Question

A glass bulb of volume 400 cm\(^3\) is connected to another bulb of volume 200 cm\(^3\) by means of a tube of negligible volume. The bulbs contain dry air. They are both at a common temperature and pressure of 20°C and 1.000 atm.
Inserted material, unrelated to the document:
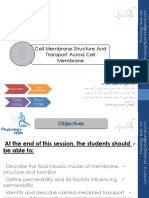 3 - Cell Membrane Structure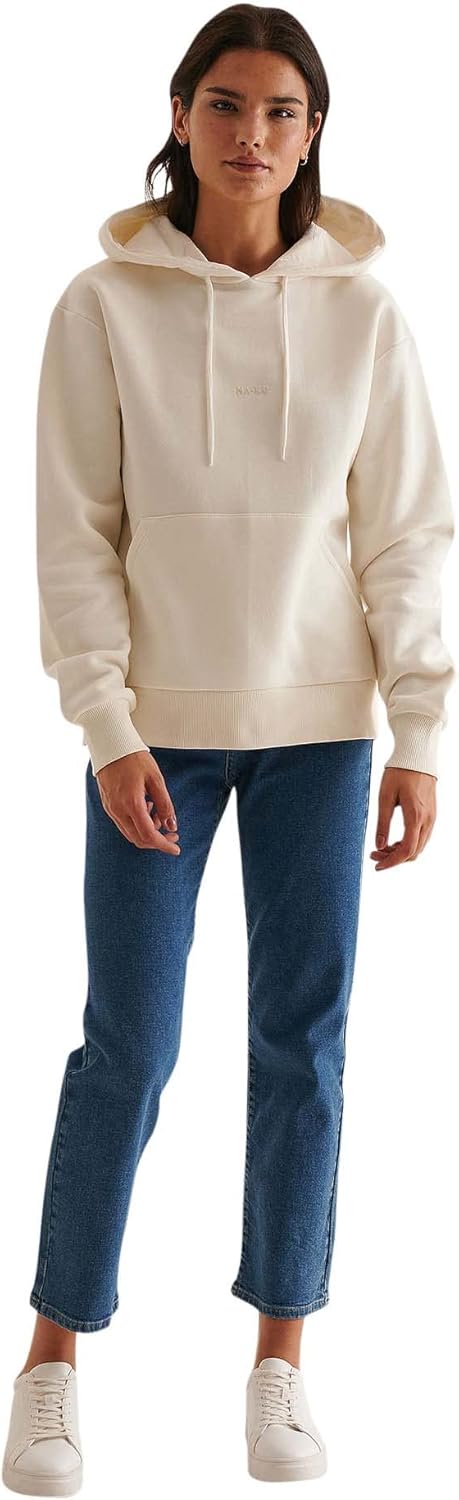 NA-KD Damen ton-Hoodie Kapuzenpullover M Natur, M Natur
The larger bulb is immersed in steam at 100°C; the smaller, in melting ice at 0°C. The final common pressure is:

• A. 2.31 atm
• B. 1.13 atm
• C. 0.53 atm
• D. 0.04 atm

Hint:

Use the combined gas law to find the final pressure when the temperature changes for a given volume.

Answer 1

The Correct Option is B

Using the combined gas law: \[ \frac{P_1 V_1}{T_1} = \frac{P_2 V_2}{T_2} \] where:
- \( P_1 = 1 \, \text{atm} \),
- \( V_1 = 400 + 200 = 600 \, \text{cm}^3 \),
- \( T_1 = 20°C = 293 \, \text{K} \),
- \( P_2 \) is the final pressure,
- \( V_2 = 600 \, \text{cm}^3 \) (since volume is constant),
- \( T_2 = 100°C = 373 \, \text{K} \). Substituting the values into the combined gas law: \[ \frac{1 \times 600}{293} = \frac{P_2 \times 600}{373} \] Solving for \( P_2 \): \[ P_2 = \frac{1 \times 373}{293} \approx 1.13 \, \text{atm} \] Thus, the final pressure is 1.13 atm.